We stack our firewood to season on a concrete base, which falls towards the nearby ground to help remove moisture from the stack.
This allows the lower layers of wood to properly season without the worry of the wood going bad. The concrete base prevents the wood from sucking up the moisture in the ground and also helps to drain any excess moisture off into the adjacent ground.
You can also stack your wood off the ground by placing each end on a long piece of wood such a pressure treated 2×4’s. This will help to prevent moisture from reaching the firewood and the pressure treated wood will be able to withstand the moisture from the ground.
You can also use a firewood rack or wood shed to stack your firewood inside of, which will have legs or a suitable base that will keep your firewood off the ground.
We also stack some of our wood closer to our home within a wood shed, and it keeps the seasoned wood remaining dry and ready for use in our fires.
Keeping The Stack Of Firewood Covered
In order for firewood quickly and efficiently it must remain dry throughout the process. Wood that remains constantly wet without any time to dry can start to go bad rather than dry out properly.
If you live in an area where it can be common to rain periodically throughout the year then it’s worth protecting the wood from any rain or snow.
If you need to protect your stack of firewood from above then it’s important the form of protection doesn’t directly cover over the wood, such as using a sheet of tarpaulin over the entire stack.
Covering a firewood stack completely can:
- Cause moisture to build under the cover and it will have no way to escaping, leading to wood that goes bad rather than drying out.
- Prevent the wind and sun from being able to properly dry out the wood.
The best forms of protection for your stack of firewood are therefore either the roof of a firewood rack/shed or a lean-to/overhang from an adjacent structure.
Our firewood stacked inside our wood rack helps to keep any rain and snow off the wood.
We also stack our wood that needs to be seasoned up against the back of our garage. An overhang from the garage helps to protect the stack from the majority of the rain and while the wood is drying.
Both these methods help to protect our firewood from any excess moisture that would cause the firewood to not season properly or stay dry.
Whatever form of cover is used it shouldn’t block the sunlight or wind from getting to the stack of logs.

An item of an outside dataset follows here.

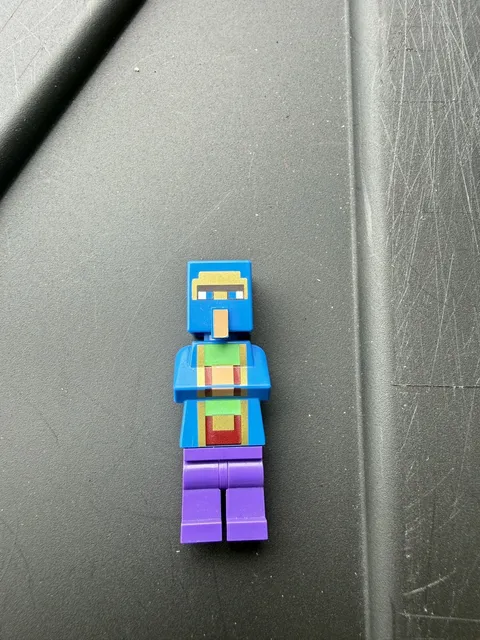 New Lego Minecraft Wandering Trader Minifigure Villager Emerald Blue 21167  Y2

If you’re stacking firewood up against a structure like we do then be sure to leave a gap between the ends of the logs and the structure to further help with airflow.
Stacking The Firewood
The aim of stacking firewood is to either bring the moisture content of the wood down to acceptable levels for use in fires, or to keep firewood that has already been seasoned remaining dry.
The sun and wind (but in particular the wind) play an important role in being able to dry out firewood or keep it dry.

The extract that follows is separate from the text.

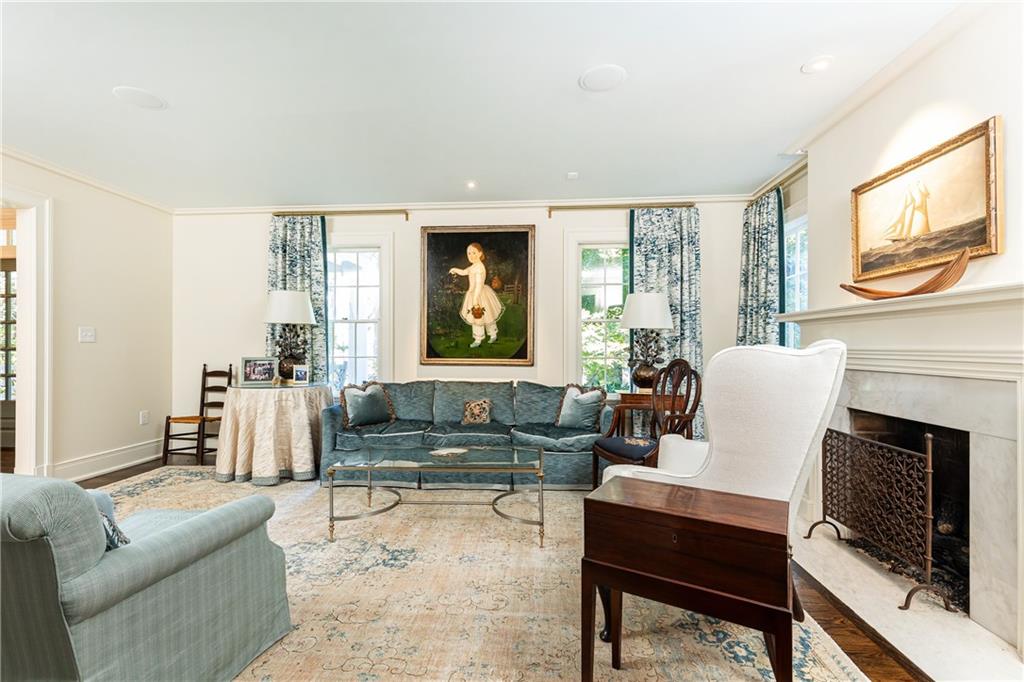 2363 Montview Drive NW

Firewood should therefore be stacked in such a way that allows both the wind and sun to get to the wood.
When stacking wood you should ensure that at least one end of the wood is open to the air. This means that at least one cut end of the logs shouldn’t be blocked by anything when it has been stacked.
Firewood should also be stacked for seasoning in a single row If possible.

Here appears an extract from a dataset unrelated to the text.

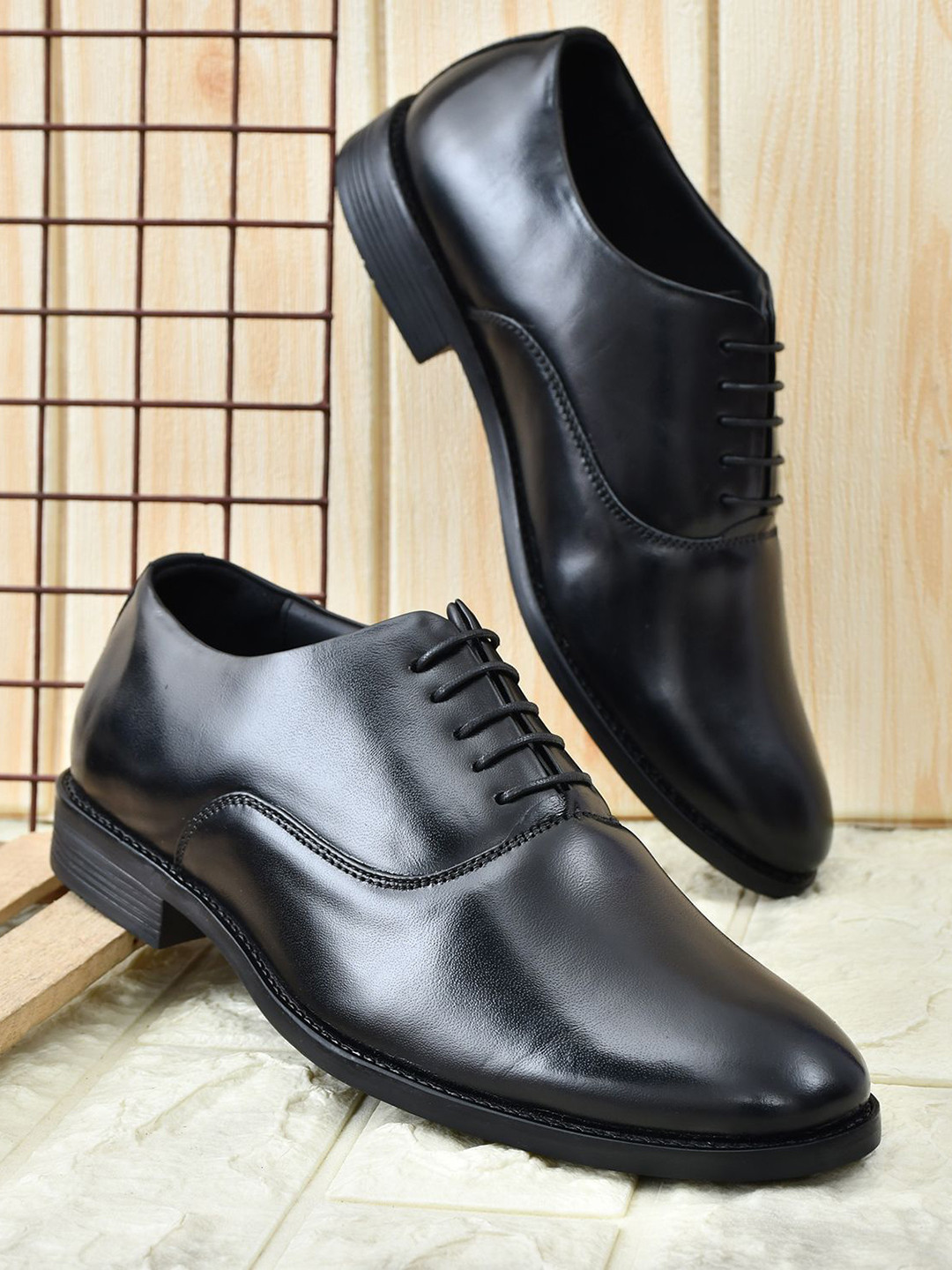 Robbie Jones Men Genuine Leather Formal Derbys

Stacking our firewood up against the back of our garage allows for the outer side of the logs to be open to the atmosphere. The wind and sun is able to get to the logs to help dry them out as quickly as possible. It also allows for any wood that has already been properly seasoned to stay low in moisture content.
Wood rack/sheds are also fully open on one side for the wind to help dry the wood.
There should be nothing placed in front of the stack of wood that would block both the sun and wind from reaching the logs.
When it comes to actually stacking the firewood, the logs should be stacked:
- Up in rows from the base.
- With one end of the logs facing outwards.
- In an angular formation and spaced far enough apart to help with airflow in between the logs.
- As high as you are comfortable with.
When stacking firewood for seasoning, first ensure that you have the right platform on which to stack the wood, whether it’s on a dry concrete base, in a firewood rack, or raised up on treated timber.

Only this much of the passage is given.